At the time I was also weaving for production, planning for upcoming shows to sell my work, writing articles to submit for publication. My studio was crammed wall to wall with...stuff...and my studio had a couple of goat trails through it. It was a constant shuffling of bins, boxes, and equipment as I juggled the deadlines and dealt with the logistics of it all.
Most of this type of work is completely invisible to others - unless you've done it (or something very similar).
In addition there was the constant self-promotion and fielding questions, setting up teaching tours (always cheaper for two or three guilds to share my travel costs), and so on.
Over the years I designed and made weaving kits, self-published booklets with woven samples in addition to the two 'real' books I did, made a CD in a very early effort to produce digital 'workshops'.
And I did all this - and more - for 4 decades.

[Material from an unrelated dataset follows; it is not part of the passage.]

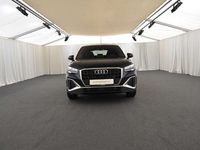 gebraucht Audi Q2 35 TFSI S-Line MATRIX/T-LEDER/KOMFORT-PACK/18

When I 'retired' I wanted less stress in my life. Getting rid of travelling to teach was a no-brainer. That sliced a big chunk of mental scrambling out of my life. No more being a travel agent, a booking agent, ordering in yarns for teaching, being a photocopy centre, assembling 'kits' for workshops and then mailing them out to the workshop organizers. Then making sure I collected the material fee when I got there if the guild hadn't done it for me.
Constantly promoting myself. Which, given I'm essentially an introvert, wasn't an easy thing for me to do. Still isn't, honestly
So now I'm 'retired' - for certain values of - and I have to say...I don't miss the goat trails. I don't miss the constant scramble of looming (pun intended) deadlines. The pressure to be 'on' all the time. The dark o'clock flights. The adjusting to different time zones.
But I'm not dead yet, and I do still have goals. So while I AM 'retired' it's the craft fair circuit and travelling to teach that I've officially retired from. I'm finding that I can manage - just - to develop online content, with the very talented team at SOS.
So even though there are still challenges (buying a new laptop and trying to get it set up before the first lecture on May 4) I am managing. Mostly.
I am officially a senior citizen, have been for a while. I ride the health roller coaster, even if I don't want to, because I still feel the need to share my knowledge with anyone who wants to know what I know. Or what I *think* I know. Because I'm still learning. The deeper I dig, the more I understand that I don't know, *can't* know, everything.
And that is just fine by me. It's why I drag myself from my bed each morning. Because I never know what the day will bring, and what I will learn.
And I really don't miss the goat trails.